Racism also permeates various levels of how society works. Institutionalized racism is the perpetuation of racism through political and economic systems that cater more to white people than to people of color. A good example of institutional racism exists in Phil’s nearly all-white neighborhood, an artifact left over from early 20th-century red-lining laws, which sanctioned segregation and racism in housing policy. While institutionalized racism isn’t explored in The Jacket, the racist attitudes shown in the characters is a result of how institutionalized racism contributes to implicit bias. Phil’s jumping to the conclusion that Daniel stole the jacket is partly informed by institutionalized racism. Black people, in particular Black men, are more likely to be arrested because society has reinforced the belief, through media and other avenues, that Black people are more likely to commit crimes. From absorbing this institutionalized bias, Phil has come to believe the same thing, so when he sees Daniel, a Black kid, wearing the jacket, Phil accuses him without thinking. Since Phil later sees the flaw in his actions, it is clear he doesn’t feel this way about Daniel, meaning that institutionalized racism informed his reaction. The presence of institutionalized racism in a society causes people to be brought up with a preset system of beliefs that, if left unchallenged, results in different groups automatically being treated a certain way based on the color of their skin.
Racism is not always intentional, but this doesn’t make its effects any less harmful. Whether conscious or subconscious, racisms create a disparity in which marginalized groups are left at a disadvantage, both personally and societally. By identifying our own biases, implicit or otherwise, and helping to restore a balance among people, we work to overcome our own prejudices, as well as create a world more equitable for all.
Our understanding of our surroundings changes as we grow. Phil’s understanding of his own world is disrupted in Chapter 3. As he walks the familiar path home from school, he notices things about his neighborhood that he didn’t before, specifically that almost everyone who lives there is white. Whiteness is his default. The homogeneity of his neighborhood has never seemed odd to him because he sees the nonwhite kids at his school a few hours a day and then doesn’t think about them after they get on a bus and return to their neighborhoods. Phil’s implicit bias has triggered an “us and them” mentality, where “us” includes people who look like Phil and “them” or “the other” are people who don’t. Phil defines himself (and, thus, “us”) as people who look like they belong wearing his jacket. Since Daniel is Black, he falls into Phil’s “other” category of people who don’t look like they belong in the jacket.

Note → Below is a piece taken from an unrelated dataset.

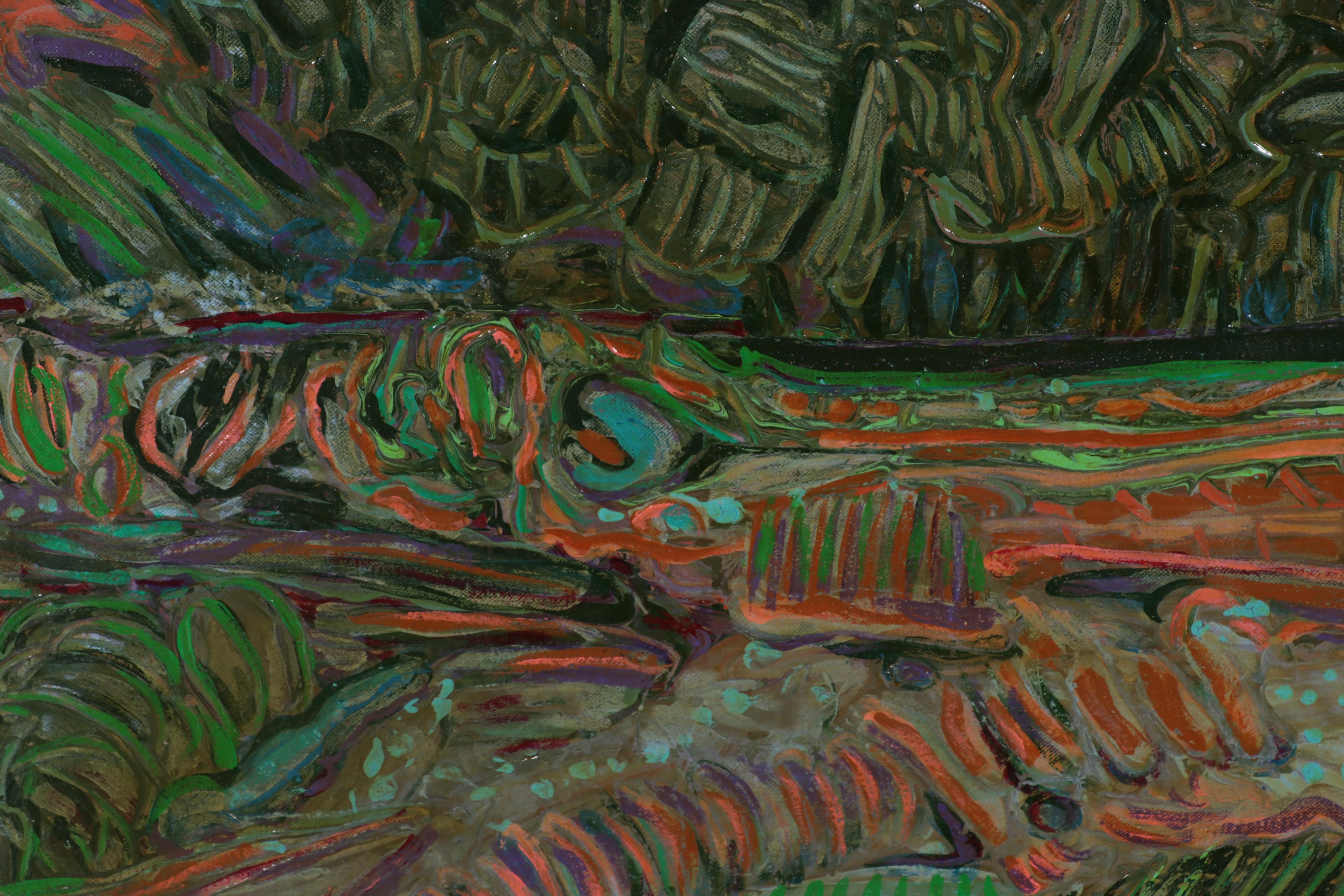 Harry Hilson Large-Scale Abstract Mixed Media Landscape Painting, Circa 1980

More broadly, Phil subconsciously categorizes Blackness as “Other” because Black people don’t live in his neighborhood or ride his bus to school; they aren’t an integral part of his world Phil, other than as basketball teammates, as basketball players on TV, and as housekeepers.

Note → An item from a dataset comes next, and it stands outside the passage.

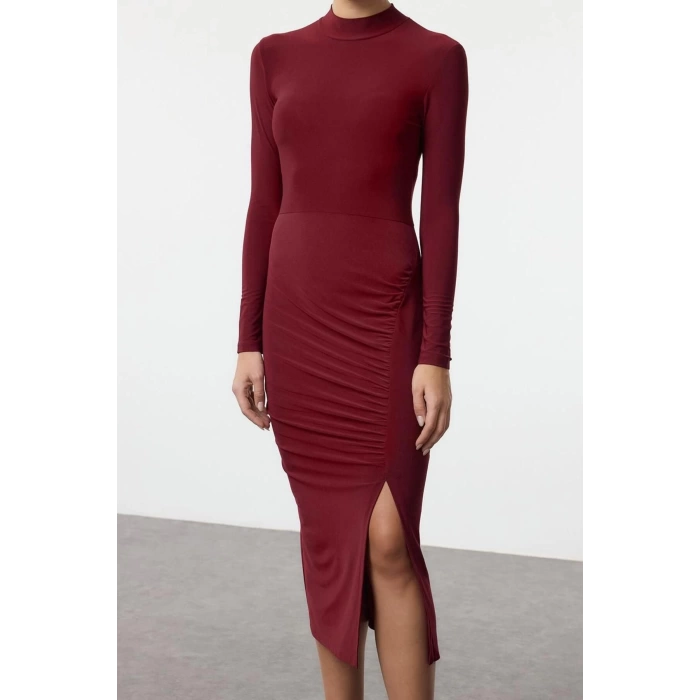 Moda Stil Slim Dik Yaka Midi Boy Düz Drape Detaylı Yırtmaçlı Fitted Vücuda Oturan Esnek Örme Elbise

Following this realization, Phil’s all-white neighborhood no longer seems like just the way things are and instead feels like a place that welcomes only white people. Phil questions whether his neighborhood is mainly white by coincidence or somehow by design. The neighborhood’s appearance in his mind has irrevocably changed due to an event that has altered how he views the world. Phil learns his worldview has been limited and there is only so much he can learn without seeking out different perspectives. By expanding his understanding to incorporate others’ (Daniel’s and his grandmother’s) experiences, Phil learns how other people’s realities don’t necessarily match his own, and his reality isn’t the only one.